Motherhood and God’s Grace
Motherhood, no matter how much the preparation, is never a walk in the park, especially on raising first-borns. Truth is that, children don’t come with a manual. All instructions for guidance are not also fully given to new mothers. Thus, entering into the door of being the ‘light of the family’ is a combination of self-discovery and peer-inquiry.
As for my experience, I was living away from home when I gave birth to Ely. Since I was islands away from my family and friends, and had zero knowledge of nurturing a newborn, figuring out on my own the ‘how tos’ has been my thing. Google became my best friend and FB groups for moms like me became my go-to whenever I needed help. It was really overwhelming, yet little by little, I cope up and could eventually do things on my own. It’s maternal instinct, I guess.
Then came sleepless nights when I decided to exclusively breastfeed Ely, whom I fed on demand. I did everything a mother would do to provide the best care a child needed. But then, I got so flabbergasted with my tasks that led me to neglecting myself. Yes, there was a time that my looks temporarily did not matter. Then it hit me, PPD or postpartum depression was in my door. I succumbed. Ely was only a few months old then when I was losing my sanity with the routine at home, with a new born, and with no one to talk to who could understand and empathize with me. Knowing that I needed help for Ely and a listener for myself, I then decided to go home to my hometown.
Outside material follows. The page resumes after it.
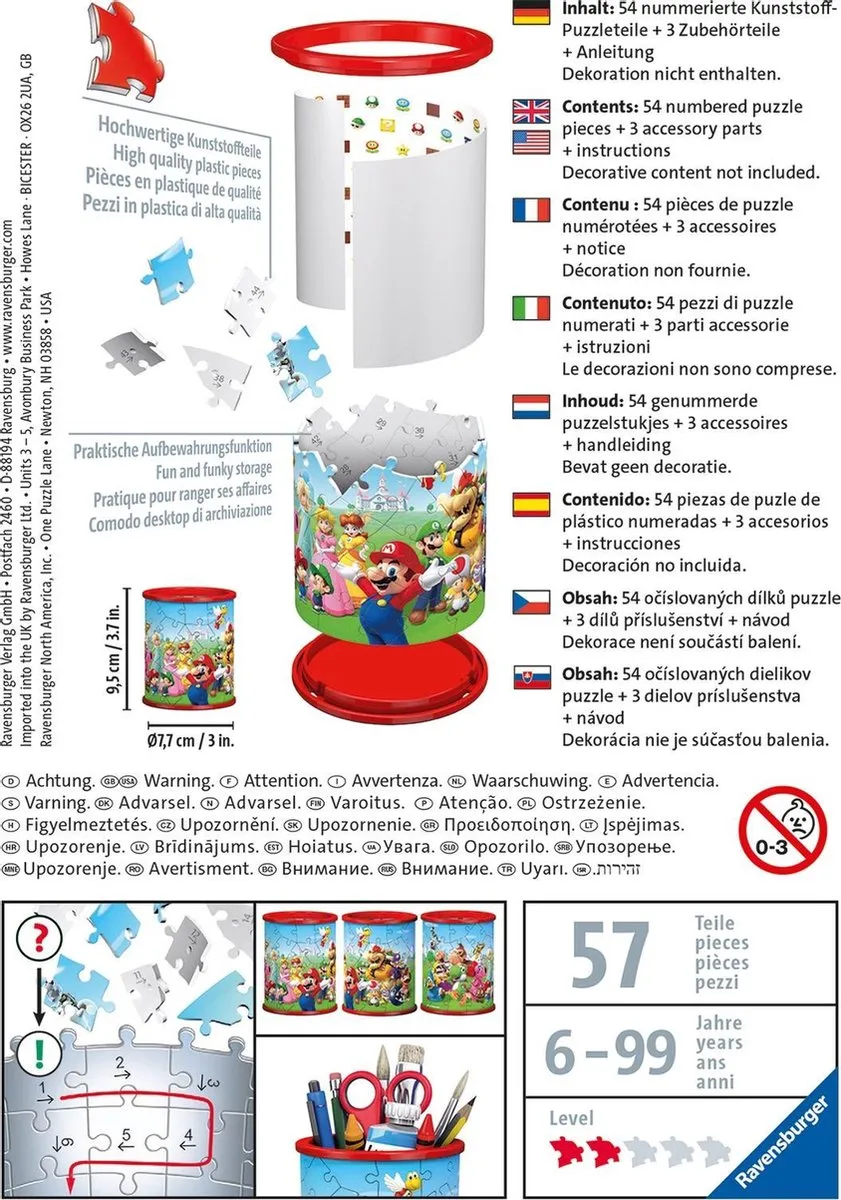 Ravensburger 3D Puzzel Super Mario 54 Stuks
This helped me to de-stress a bit and divert my thoughts for a while. Nevertheless, the worst episode of my PPD happened while we were on a ship going home from Leyte then Cebu then to CDO. It was just me and Ely, he won’t go to sleep because he was uncomfortable of humidity, and the lights were so bright. It was a long day for me, haven’t slept for more than 24, stressed, exhausted, and drained. The crowded passengers made the surrounding hot, and then here was my little companion on top of fussing and crying. Crazy thoughts came to my mind like jumping off the ship or tossing Ely into the dark waters. I battled with those thoughts: laid there, embraced Ely tightly, closed my eyes and prayed. Repeatedly, I called out who God is in my life. I kept on praying until I calmed down. After a few while, Ely fell to slumber.
That short break somehow helped me with what I was going through. I went back to Leyte renewed with an even better perspective on being a new mom. Here’s what 2 Corinthians 12:9 says: “But he said to me, My grace is sufficient for you, for my power is made perfect in weakness. Therefore I will boast all the more gladly about my weaknesses, so that Christs power may rest on me.” This reminded me once again that I should not rely on my own self. Instead, acknowledge my weaknesses and rely on God’s grace daily. Truly, it was by His grace that I was able to overcome such trial.
A lot of things happened since then, but I vowed to do the best that I can for Ely supporting him to be the kind of person that God wants him to be. To do this, I wear many hats to train him. Things like being a researcher (who provides him excellent activities), teacher (who prepares lesson plans and practices appropriate teaching methods), playmate (who plays with him to make leisure time more fun), cheerleader (who roots and rejoices on his milestones), spiritual guide (who points him to loving Jesus) and a mother (who loves him unconditionally) are surprising titles I never thought to do.
Indeed, motherhood is a tough job. It has no compensation but seeing your child growing to be responsible, respectful, God-fearing, joyful and healthy is more than enough.
To all the new moms out there, embrace motherhood with gladness while relying on God’s daily, sufficient grace.
To all those who have mommy friends, take some time to be there, listen and pray for them.